En la forma democrática y representativa de gobierno, «el pueblo no delibera ni gobierna sino por medio de sus representantes y autoridades creadas por la Constitución.» El principio requiere un fuerte y creciente espíritu participativo en todos los ámbitos sociales.
La persona humana, libre y responsable de sí, tiene el derecho y el deber de intervenir en la vida política, económica, social, cultural, educativa, etc.
La participación es una exigencia ética, pues cada uno, dueño de su destino, es sujeto activo y creador del orden político que le toca vivir. También, porque el bien común, que justifica toda la actividad humana y en particular la política, no puede darse sin una actitud participativa responsable, organizada en un marco jurídico sólido y eficiente. Y para cerrar el círculo, concretado éticamente.

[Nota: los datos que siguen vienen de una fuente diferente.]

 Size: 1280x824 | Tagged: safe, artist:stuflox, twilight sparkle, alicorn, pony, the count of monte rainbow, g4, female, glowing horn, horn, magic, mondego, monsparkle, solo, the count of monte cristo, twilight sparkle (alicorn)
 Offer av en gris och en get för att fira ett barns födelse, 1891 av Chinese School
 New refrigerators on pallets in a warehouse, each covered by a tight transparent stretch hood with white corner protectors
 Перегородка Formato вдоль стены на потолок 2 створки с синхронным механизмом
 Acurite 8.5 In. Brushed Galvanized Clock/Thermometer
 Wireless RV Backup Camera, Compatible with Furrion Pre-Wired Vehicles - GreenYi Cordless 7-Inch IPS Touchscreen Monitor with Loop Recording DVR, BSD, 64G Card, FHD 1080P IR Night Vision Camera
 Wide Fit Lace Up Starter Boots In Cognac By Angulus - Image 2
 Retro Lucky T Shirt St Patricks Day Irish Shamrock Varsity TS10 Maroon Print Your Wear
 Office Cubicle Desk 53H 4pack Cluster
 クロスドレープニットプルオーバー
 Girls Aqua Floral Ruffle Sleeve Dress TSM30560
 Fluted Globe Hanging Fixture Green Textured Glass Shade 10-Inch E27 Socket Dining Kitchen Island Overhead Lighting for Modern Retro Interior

Los partidos políticos son el medio para concretar la actividad política del pueblo, en tanto deben organizar y expresar las distintas ideologías de una comunidad pluralista. Los partidos resultan el cauce para que las personas con vocación de servicio puedan concretarla y para que elijan los demás dónde expresarse. Así, unos y otros son protagonistas, de acuerdo a capacidades e inclinaciones, en la construcción de su propio destino como pueblo. Los partidos deben convertirse en el ámbito de discusión y esclarecimiento de las causas y alternativas de la problemática nacional e internacional; deben ser ejemplo de democracia, con práctica en la vida interna en la confrontación de ideas, en la renovación dirigencial, en estudios y trabajos que den firme sustento a su acción política. Aprendiendo en lo interno, el respeto que deben garantizar luego a la sociedad.
Ello exige que la política se sustente en firmes principios ideológicos. Y que exista coherencia entre la idea y la práctica. El mundo real no se construye por casualidad ni por impulsos; sino como producto de acciones coherentes con principios que rigen el accionar de los hombres. La firmeza en la ideología propia y el respeto por las ajenas, deben dar sustento al accionar en el mundo de una política que busque la dignidad de la persona humana y el logro del bien común.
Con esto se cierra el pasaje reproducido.